··· Data for processing

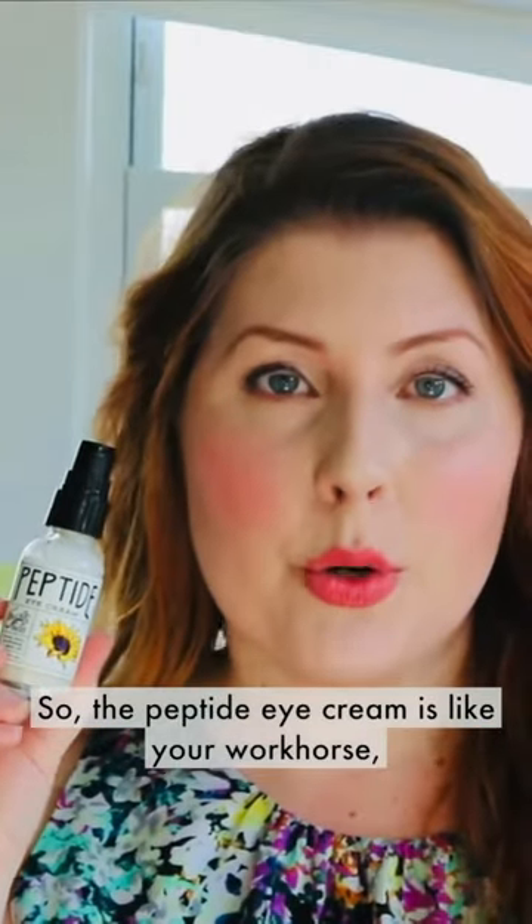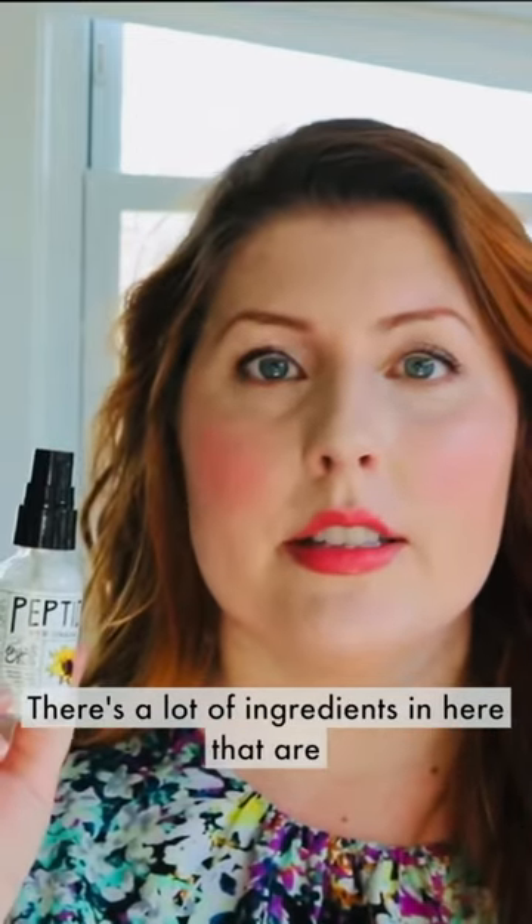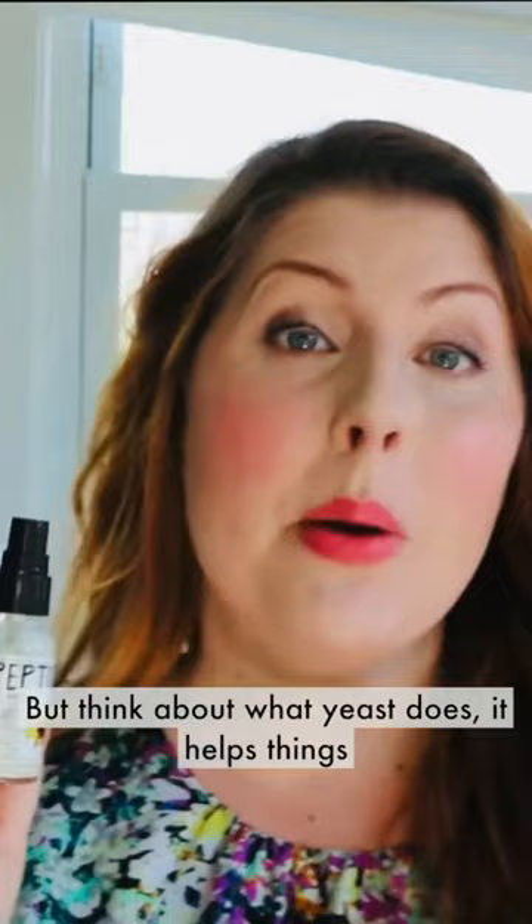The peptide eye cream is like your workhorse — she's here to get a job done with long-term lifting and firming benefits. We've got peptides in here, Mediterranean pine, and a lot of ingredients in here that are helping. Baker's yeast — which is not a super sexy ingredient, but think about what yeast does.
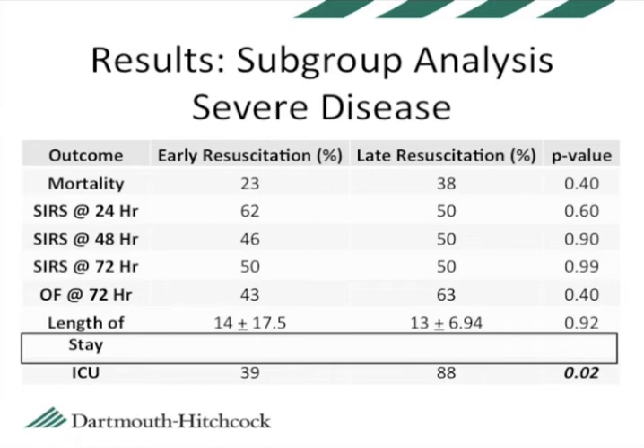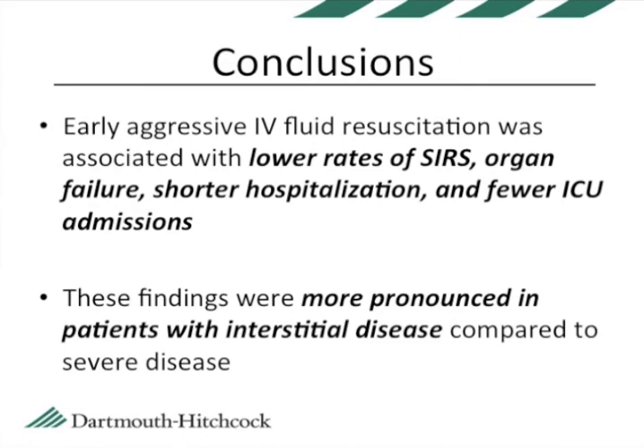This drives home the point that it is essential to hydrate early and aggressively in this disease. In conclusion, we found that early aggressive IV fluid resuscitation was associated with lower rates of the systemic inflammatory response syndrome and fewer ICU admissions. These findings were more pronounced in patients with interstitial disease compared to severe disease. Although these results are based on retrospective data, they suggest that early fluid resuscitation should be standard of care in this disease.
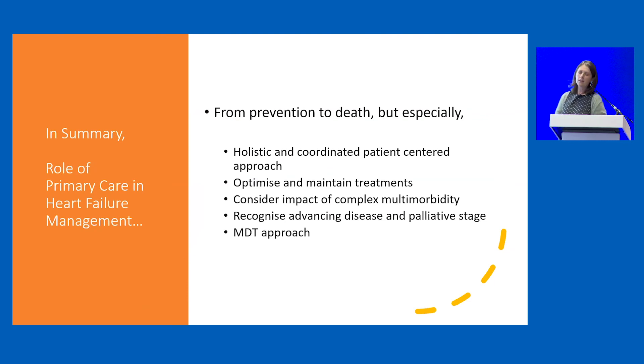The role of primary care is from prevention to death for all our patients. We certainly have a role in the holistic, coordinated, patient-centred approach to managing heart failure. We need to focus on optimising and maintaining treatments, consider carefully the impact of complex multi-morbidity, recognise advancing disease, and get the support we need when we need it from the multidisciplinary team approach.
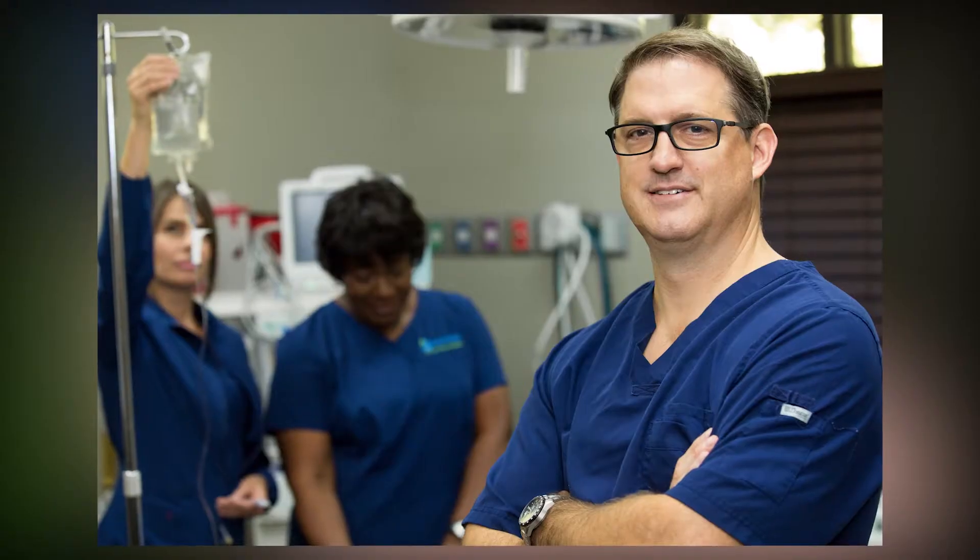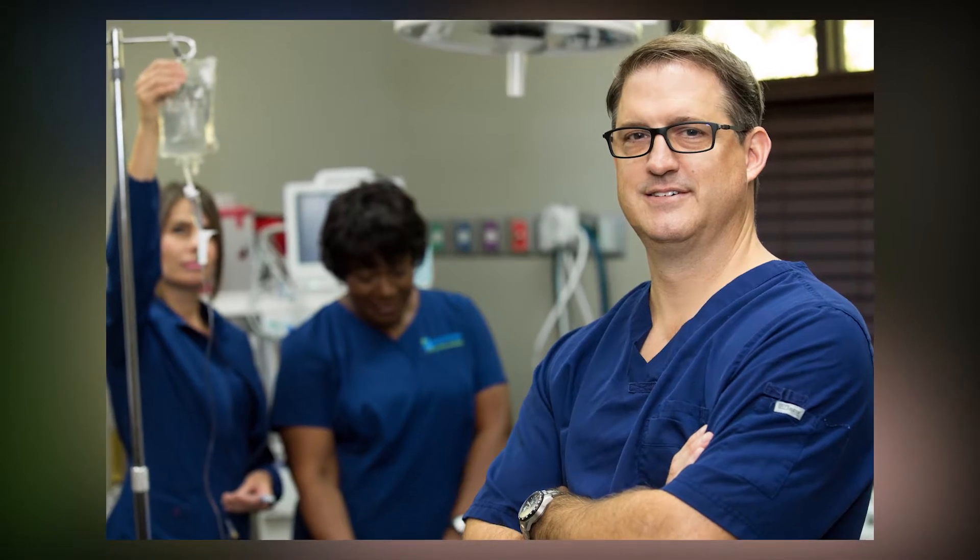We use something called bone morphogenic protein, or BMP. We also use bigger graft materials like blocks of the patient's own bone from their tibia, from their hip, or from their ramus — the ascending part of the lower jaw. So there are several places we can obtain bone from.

······
··· Data for processing

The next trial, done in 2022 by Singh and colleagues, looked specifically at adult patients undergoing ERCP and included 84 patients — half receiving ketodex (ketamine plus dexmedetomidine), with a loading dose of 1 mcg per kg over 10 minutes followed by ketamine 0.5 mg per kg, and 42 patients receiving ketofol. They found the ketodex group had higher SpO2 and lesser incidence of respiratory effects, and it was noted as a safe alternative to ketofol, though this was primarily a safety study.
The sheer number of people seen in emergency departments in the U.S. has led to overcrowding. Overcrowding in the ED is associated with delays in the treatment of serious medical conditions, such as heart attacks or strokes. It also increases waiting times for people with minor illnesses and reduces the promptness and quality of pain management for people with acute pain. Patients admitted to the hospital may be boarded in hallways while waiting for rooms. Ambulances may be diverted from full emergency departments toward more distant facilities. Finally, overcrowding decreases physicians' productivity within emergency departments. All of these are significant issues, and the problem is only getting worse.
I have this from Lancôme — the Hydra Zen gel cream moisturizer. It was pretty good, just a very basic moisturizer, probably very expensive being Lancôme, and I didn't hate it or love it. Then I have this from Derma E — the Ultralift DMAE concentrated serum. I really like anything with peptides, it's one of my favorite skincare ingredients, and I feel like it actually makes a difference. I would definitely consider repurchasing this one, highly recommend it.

······

Above are the records; return the lines in them from the one with "The role of" to the one with "We use something", inclusive, exactly and without images.

Result for this task:
The role of primary care is from prevention to death for all our patients. We certainly have a role in the holistic, coordinated, patient-centred approach to managing heart failure. We need to focus on optimising and maintaining treatments, consider carefully the impact of complex multi-morbidity, recognise advancing disease, and get the support we need when we need it from the multidisciplinary team approach.
We use something called bone morphogenic protein, or BMP. We also use bigger graft materials like blocks of the patient's own bone from their tibia, from their hip, or from their ramus — the ascending part of the lower jaw. So there are several places we can obtain bone from.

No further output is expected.